Bridgewater stresses in communications to clients that Pure Alpha is designed to produce positive alpha compared with a benchmark of a client’s choosing, regardless of the direction of the markets, by having no systematic biases. The Pure Alpha funds employ Bridgewater’s tactical mix of bets.

The funds are also uncorrelated with the rest of the market. From inception through the end of 2018, it had a 0.19 correlation with equities, 0.15 with bonds, and 0.07 with other hedge fund managers, according to an earlier Bridgewater document.

Pure Alpha especially rewarded investors in 2008, when it gained 9.4 percent in a year that the S&P 500 lost 37 percent. It outperformed the markets to a lesser degree in 2018.

The Pure Alpha strategy is also structured to offer investors varying degrees of volatility, according to the investor. Clients frequently overlay a Pure Alpha fund on a beta strategy of their choice, such as on top of the S&P 500 or on top of All Weather. Overlay strategies involve using derivatives to replicate or offset an asset class or market exposure.

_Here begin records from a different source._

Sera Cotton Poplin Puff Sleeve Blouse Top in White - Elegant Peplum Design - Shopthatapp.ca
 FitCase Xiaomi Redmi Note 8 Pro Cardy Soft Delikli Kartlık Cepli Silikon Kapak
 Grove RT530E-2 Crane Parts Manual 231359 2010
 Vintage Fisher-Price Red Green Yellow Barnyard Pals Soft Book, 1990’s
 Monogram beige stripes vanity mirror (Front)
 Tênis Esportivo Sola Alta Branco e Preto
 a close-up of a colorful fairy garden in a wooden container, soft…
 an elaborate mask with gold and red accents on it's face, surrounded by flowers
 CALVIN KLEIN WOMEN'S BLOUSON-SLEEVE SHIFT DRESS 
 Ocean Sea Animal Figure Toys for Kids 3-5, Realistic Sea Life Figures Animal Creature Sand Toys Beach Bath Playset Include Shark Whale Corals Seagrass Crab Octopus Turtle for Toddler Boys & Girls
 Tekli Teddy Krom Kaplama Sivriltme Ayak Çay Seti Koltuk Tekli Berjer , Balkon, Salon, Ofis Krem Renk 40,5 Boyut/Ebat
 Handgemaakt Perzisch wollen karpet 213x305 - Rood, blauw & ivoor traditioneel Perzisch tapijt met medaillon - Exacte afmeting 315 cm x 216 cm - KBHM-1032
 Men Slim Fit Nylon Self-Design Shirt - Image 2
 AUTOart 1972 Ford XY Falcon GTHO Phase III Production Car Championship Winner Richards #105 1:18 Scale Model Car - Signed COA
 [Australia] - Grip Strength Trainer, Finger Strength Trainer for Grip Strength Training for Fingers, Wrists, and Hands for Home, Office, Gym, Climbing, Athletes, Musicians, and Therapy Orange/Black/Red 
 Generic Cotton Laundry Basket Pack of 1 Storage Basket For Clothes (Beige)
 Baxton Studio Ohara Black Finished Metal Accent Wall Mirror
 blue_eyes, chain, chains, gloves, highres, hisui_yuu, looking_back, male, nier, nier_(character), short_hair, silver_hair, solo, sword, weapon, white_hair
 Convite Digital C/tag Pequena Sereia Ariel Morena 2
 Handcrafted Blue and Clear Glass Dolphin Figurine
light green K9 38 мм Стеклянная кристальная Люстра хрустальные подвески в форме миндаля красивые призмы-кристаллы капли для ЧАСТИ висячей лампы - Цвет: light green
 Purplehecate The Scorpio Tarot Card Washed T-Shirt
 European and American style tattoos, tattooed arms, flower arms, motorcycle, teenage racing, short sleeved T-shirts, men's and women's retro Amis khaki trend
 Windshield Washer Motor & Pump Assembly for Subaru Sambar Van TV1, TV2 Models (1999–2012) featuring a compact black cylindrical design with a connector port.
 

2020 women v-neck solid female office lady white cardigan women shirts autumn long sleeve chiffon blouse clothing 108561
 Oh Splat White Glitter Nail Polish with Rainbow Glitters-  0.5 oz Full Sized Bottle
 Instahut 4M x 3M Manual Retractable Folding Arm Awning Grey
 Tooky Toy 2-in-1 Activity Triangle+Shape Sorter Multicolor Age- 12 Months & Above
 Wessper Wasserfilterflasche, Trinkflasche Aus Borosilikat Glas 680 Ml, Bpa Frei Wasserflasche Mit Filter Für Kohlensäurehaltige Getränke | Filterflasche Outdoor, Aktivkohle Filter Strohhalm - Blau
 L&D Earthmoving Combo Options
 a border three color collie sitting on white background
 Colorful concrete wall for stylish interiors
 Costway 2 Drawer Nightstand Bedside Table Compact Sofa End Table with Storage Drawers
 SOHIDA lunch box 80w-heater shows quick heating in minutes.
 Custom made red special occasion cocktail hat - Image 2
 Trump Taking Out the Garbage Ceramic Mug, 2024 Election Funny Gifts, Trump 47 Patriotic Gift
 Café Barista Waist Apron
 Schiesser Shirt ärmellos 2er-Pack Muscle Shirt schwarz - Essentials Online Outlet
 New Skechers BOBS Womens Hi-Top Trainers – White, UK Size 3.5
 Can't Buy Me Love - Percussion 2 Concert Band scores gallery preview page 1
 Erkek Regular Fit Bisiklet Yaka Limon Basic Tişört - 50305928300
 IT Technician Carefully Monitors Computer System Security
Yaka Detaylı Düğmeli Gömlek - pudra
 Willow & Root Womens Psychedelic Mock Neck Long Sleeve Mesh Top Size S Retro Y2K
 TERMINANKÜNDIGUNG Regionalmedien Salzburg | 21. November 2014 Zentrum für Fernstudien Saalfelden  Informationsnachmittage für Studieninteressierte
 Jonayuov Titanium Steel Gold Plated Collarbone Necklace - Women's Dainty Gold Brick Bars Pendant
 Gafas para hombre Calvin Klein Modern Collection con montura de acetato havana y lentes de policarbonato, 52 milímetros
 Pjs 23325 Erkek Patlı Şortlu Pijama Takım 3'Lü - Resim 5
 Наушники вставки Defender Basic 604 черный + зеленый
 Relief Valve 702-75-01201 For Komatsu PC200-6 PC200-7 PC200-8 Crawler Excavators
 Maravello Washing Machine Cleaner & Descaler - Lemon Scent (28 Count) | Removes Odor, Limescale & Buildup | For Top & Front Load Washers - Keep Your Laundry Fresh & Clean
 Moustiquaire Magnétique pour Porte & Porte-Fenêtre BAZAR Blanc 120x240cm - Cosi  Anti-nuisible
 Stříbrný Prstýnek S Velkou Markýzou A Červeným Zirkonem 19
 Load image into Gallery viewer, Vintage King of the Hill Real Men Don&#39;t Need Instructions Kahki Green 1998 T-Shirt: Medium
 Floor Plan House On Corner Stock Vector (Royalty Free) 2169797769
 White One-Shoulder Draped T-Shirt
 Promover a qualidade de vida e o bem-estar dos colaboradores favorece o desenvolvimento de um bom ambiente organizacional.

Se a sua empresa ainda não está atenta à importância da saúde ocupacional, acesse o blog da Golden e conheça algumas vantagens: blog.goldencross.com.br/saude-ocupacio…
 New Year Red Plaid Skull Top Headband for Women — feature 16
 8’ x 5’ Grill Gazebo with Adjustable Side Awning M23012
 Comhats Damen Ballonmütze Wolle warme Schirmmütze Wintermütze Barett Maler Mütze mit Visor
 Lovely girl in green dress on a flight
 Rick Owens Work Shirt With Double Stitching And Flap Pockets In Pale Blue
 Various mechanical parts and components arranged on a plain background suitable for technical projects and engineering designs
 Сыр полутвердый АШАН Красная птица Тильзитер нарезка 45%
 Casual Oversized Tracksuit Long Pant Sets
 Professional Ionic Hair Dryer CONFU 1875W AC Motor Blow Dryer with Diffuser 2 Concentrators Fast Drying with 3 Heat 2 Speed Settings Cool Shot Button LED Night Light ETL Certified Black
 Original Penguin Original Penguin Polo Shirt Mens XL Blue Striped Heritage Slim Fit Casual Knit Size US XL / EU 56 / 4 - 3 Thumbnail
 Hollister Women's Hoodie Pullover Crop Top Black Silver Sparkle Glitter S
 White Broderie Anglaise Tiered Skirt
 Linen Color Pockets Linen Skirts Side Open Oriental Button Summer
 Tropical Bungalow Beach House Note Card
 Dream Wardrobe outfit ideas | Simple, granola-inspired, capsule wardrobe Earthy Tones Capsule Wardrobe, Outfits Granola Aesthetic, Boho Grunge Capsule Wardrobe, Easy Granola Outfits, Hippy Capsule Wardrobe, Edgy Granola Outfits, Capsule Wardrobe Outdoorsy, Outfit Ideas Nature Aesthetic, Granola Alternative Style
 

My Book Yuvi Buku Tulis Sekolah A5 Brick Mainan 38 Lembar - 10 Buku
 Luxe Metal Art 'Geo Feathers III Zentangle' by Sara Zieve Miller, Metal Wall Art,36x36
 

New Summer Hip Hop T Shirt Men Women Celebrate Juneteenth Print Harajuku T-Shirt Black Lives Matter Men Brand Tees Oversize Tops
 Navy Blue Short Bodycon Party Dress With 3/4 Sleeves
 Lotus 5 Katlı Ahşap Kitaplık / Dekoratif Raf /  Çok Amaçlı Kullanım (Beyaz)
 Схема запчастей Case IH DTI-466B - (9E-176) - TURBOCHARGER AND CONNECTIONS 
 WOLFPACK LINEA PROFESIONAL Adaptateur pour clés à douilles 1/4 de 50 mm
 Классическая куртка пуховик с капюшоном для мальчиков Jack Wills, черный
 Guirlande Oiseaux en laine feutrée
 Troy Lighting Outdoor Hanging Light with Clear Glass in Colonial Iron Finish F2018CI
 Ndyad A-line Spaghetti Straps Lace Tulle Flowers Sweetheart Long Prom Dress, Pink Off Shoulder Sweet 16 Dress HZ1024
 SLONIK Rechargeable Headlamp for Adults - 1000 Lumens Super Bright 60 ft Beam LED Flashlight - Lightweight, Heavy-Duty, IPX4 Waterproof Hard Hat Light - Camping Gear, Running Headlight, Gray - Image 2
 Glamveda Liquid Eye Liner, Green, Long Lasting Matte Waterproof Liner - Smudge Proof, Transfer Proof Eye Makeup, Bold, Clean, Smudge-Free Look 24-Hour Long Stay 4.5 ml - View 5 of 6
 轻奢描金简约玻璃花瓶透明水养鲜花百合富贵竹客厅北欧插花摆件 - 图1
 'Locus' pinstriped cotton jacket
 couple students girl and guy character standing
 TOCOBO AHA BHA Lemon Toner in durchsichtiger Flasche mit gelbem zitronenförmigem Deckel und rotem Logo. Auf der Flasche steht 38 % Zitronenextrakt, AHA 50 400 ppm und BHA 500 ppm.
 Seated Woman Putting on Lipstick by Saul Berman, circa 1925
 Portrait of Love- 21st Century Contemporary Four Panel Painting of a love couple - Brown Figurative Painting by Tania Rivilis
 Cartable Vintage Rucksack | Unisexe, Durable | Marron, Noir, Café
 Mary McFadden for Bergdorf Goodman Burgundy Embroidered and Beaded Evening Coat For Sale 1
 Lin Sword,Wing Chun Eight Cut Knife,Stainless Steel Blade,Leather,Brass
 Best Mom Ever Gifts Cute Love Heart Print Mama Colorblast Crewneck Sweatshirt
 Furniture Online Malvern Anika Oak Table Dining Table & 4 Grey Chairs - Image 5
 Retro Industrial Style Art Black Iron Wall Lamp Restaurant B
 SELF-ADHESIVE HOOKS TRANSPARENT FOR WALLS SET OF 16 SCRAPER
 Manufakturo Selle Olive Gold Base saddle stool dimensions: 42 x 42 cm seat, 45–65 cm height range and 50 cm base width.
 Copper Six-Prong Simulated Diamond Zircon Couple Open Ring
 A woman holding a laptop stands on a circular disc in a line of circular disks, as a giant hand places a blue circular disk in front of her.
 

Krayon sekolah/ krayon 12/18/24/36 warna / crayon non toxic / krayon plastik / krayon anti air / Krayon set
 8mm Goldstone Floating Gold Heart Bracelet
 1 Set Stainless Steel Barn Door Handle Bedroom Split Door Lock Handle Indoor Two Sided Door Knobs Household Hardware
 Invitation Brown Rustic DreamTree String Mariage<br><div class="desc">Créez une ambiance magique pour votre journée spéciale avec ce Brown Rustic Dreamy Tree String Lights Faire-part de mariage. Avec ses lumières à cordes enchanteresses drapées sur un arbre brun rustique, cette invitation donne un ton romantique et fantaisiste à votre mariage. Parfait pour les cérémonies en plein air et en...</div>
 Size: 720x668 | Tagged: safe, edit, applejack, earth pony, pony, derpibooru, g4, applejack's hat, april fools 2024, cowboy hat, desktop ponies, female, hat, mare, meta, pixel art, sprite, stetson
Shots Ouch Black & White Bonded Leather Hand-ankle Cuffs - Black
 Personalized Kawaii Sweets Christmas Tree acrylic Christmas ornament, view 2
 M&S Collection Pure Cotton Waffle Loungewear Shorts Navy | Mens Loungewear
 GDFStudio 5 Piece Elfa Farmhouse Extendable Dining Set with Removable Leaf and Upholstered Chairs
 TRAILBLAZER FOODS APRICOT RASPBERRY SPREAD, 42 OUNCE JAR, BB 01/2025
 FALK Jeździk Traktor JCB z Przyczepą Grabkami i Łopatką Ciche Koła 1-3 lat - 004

Meanwhile, a China version of All Weather, All Weather China, which was created for international investors who are seeking some exposure to China, rose 20.1 percent in 2019, according to an investor.

Last month, Bridgewater announced that co-CEO Eileen Murray will leave at the end of the first quarter of 2020. Co-CEO David McCormick will serve as CEO. McCormick joined Murray as co-CEO in 2017. The firm portrayed these moves as “the next phase of its successful 10-year leadership transition.”